Wherever pictures appear in the listing below, leave them out, and copy exactly, and only, everything from the line with "Dillahanty Ford is" down to the line with "Hi everyone. Today".

....

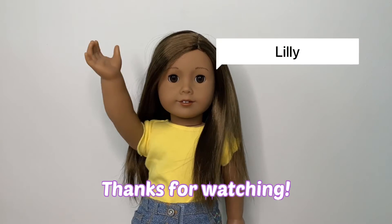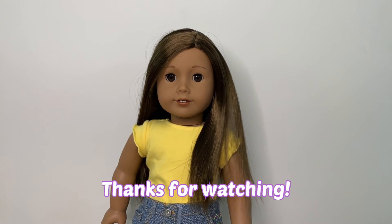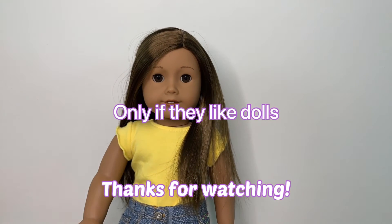Hey everybody, it's Lily, and I hope you enjoyed the main part of this video. If you did, make sure to hit that like button and subscribe and share with all of your friends. Bye!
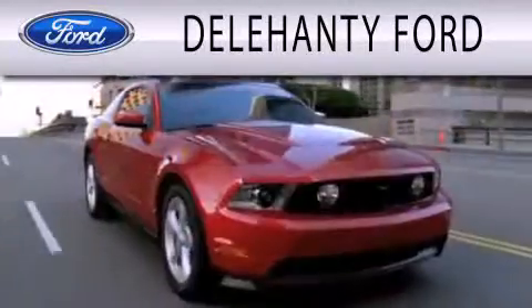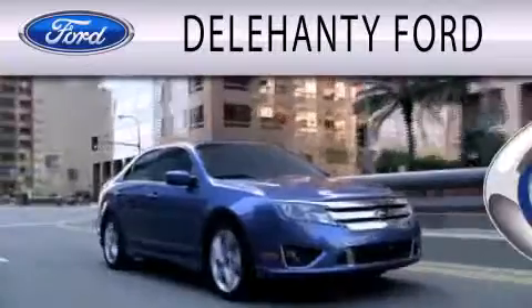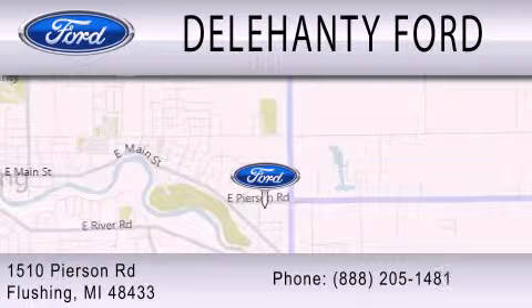Dillahanty Ford is dedicated to doing everything possible to ensure that the experience you have selecting your next vehicle is as pleasant as possible. We are located at 1510 Pearson Road in Flushing.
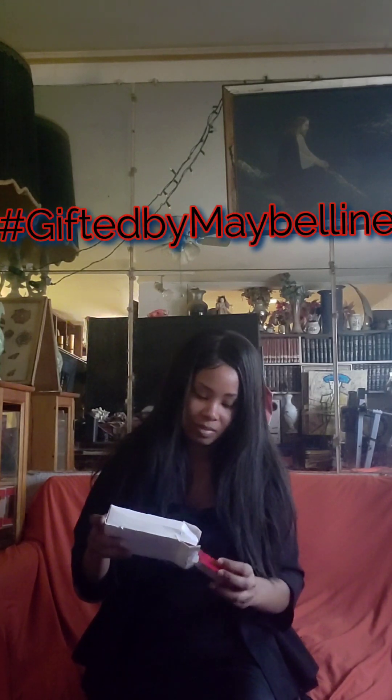Hi everyone. Today I'm doing a video for Maybelline New York. I actually received a package from them because I won one of their giveaways. I just received this yesterday. I know there's a lot of scams and all that going around, but this was all legit and I actually did receive it.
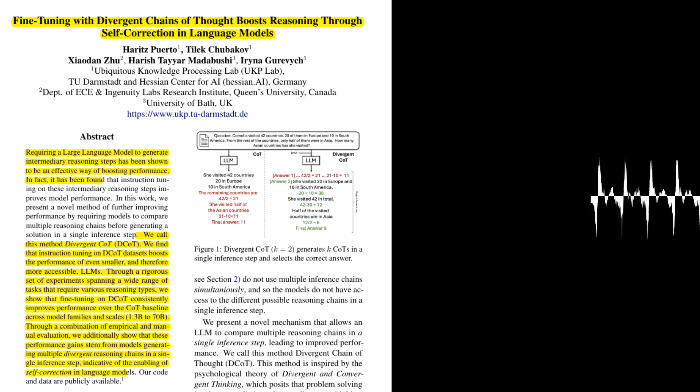So there's a trade-off between the potential benefits of DCOT and the computational resources required. Are there any other ethical considerations associated with this research? The authors acknowledge that their research is limited by the availability of datasets and the potential for bias in the training data. They also emphasize the importance of responsible development and deployment of LLMs, ensuring that these models are used ethically and do not perpetuate harmful biases.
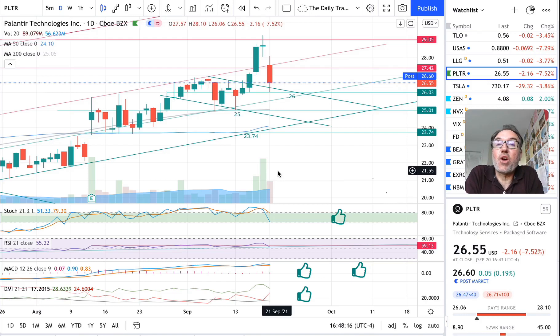Good evening everybody, I'm Pierre Roberge, the daily trader. It is September 20th and we are going to take a look at Palantir stock from a technical analysis perspective. My goal in doing these videos is to help you understand how you can use technical analysis to make better trading and investing decisions, but I am not a financial advisor, so please do your own research and make your own decisions.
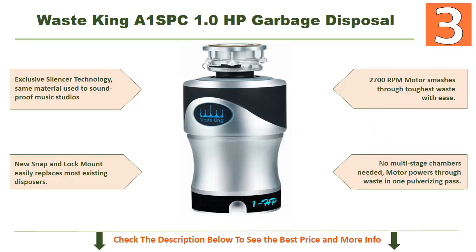No multi-stage chambers are needed — the motor powers through waste in one pulverizing pass. It's an excellent disposal you can choose for your needs. Check the description below to see the best price and more info.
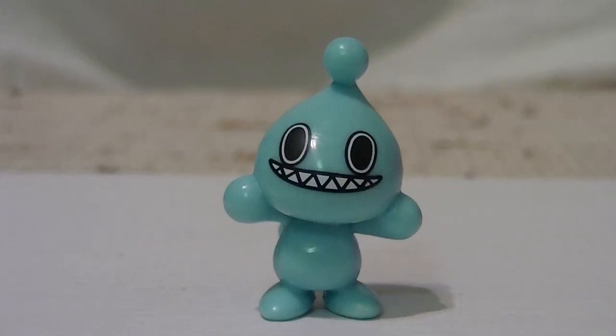Hello out there, this is Wake Angel 2001 coming at you with a review of the official Chao minifigure made by Tomy. Specifically, this is the one with the big toothy smile.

....

Exercise response:
Dillahanty Ford is dedicated to doing everything possible to ensure that the experience you have selecting your next vehicle is as pleasant as possible. We are located at 1510 Pearson Road in Flushing.
Hi everyone. Today I'm doing a video for Maybelline New York. I actually received a package from them because I won one of their giveaways. I just received this yesterday. I know there's a lot of scams and all that going around, but this was all legit and I actually did receive it.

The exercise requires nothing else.